Read the poem aloud.
Listen to its musicality.
Feel the rhythm.
Picture what’s happening.
Enter the experience.
On second reading, sense the sensory devices.
Notice anything unusual.
By the third reading, analyze individual elements.
Listen to the sounds echo across and between the lines.
Think about what first got your attention in the poem and why.
Ask other questions of the poem and your responses too.
Does the poem contain images? Do they work for you?
Do any of the key words come with connotations?
Do those implied meanings need to be read between the lines?
Do word associations or nuances muddle the meaning or add mystery?
Regardless of what you heard in school about reading poetry, no one knows exactly what a poet had in mind during the writing process or the revisions, but neither do poets know exactly what readers have in mind as they read.
As you read a poem, you bring your own set of experiences, values, and beliefs to that reading. So it’s possible that you and a particular poet just do not connect. No big deal! Just excuse yourself from that poet’s company. If, however, anything at all interests you, keep on reading. Maybe you’ll discover a new technique to try in your poems or a different thought to consider.
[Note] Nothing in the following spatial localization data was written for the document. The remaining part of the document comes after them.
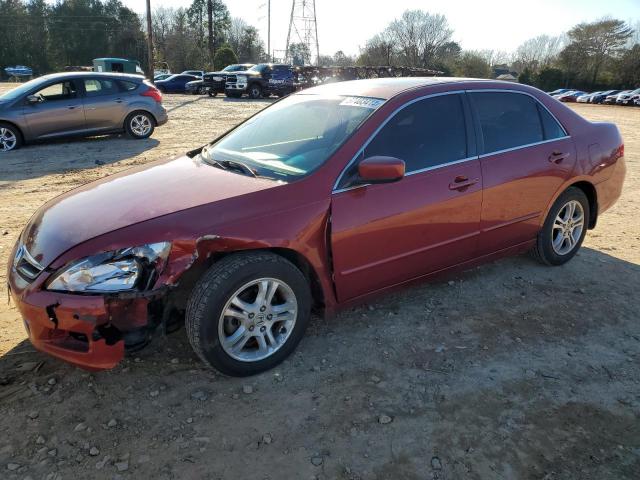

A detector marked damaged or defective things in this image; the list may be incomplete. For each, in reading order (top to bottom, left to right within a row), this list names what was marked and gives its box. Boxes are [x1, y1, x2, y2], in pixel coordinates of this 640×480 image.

broken headlight [47, 244, 171, 292]
damaged red sedan [6, 79, 624, 376]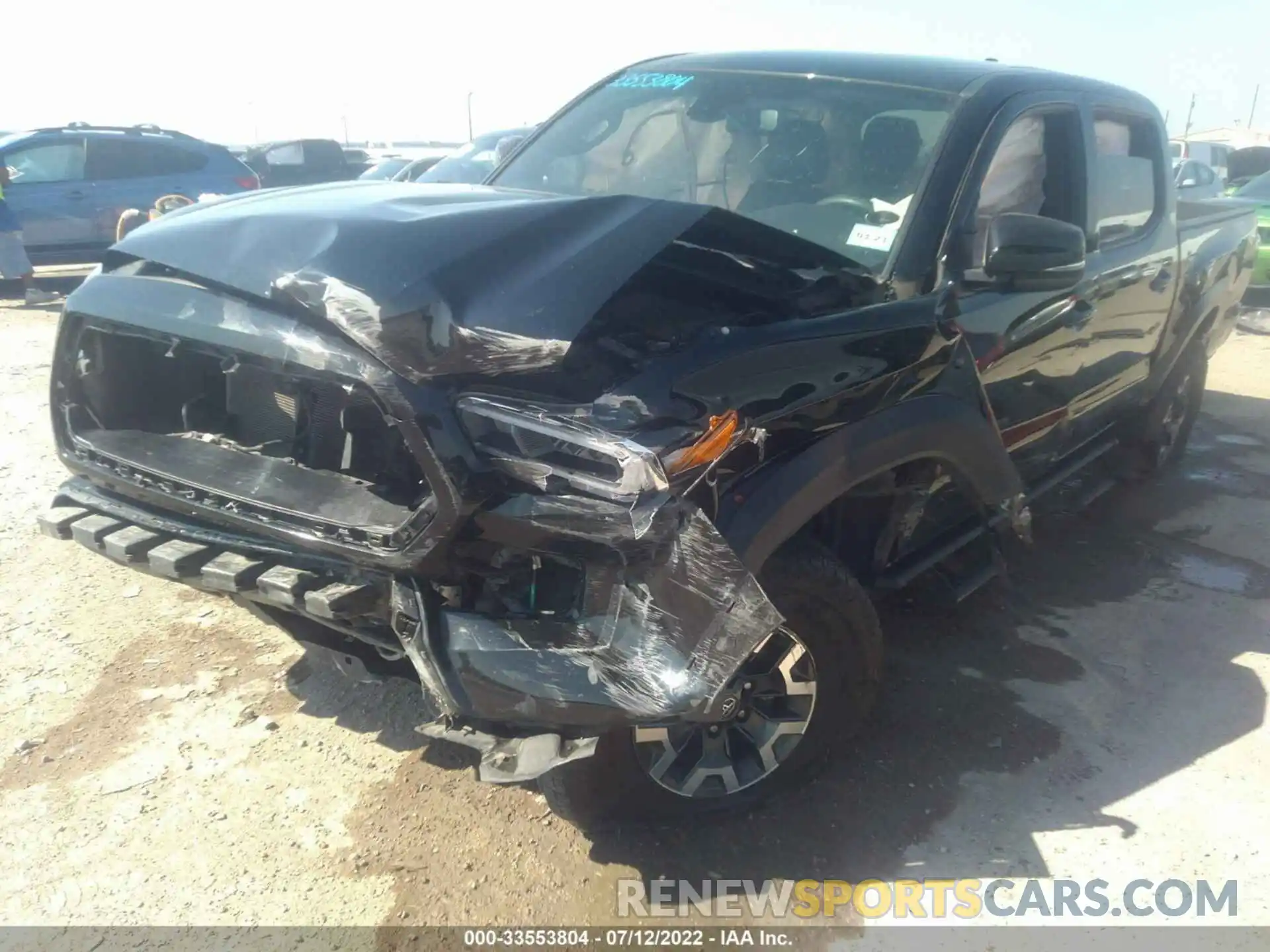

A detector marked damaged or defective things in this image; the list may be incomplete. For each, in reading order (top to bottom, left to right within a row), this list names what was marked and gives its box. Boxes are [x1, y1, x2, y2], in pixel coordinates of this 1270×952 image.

crumpled hood [109, 178, 873, 388]
damaged front bumper [42, 477, 782, 781]
damaged front end [42, 186, 843, 781]
broken headlight [460, 396, 675, 502]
Also, be aware that reading poetry can be frustrating if you focus on figuring out what the poet is trying to say. It’s sort of like being in a foreign country where you need help but do not know enough words to ask. That situation differs greatly, though, from sitting in the comfort of your favorite chair with the TV on, listening to voices speaking lyrically in another language. Then, as in reading a difficult or complex poem out loud, you’re free to enjoy the tone, rhythm, and musicality of the sounds whether you understand what’s being said or not. If you find no pleasure in the process, however, go on to your next option and just stop reading.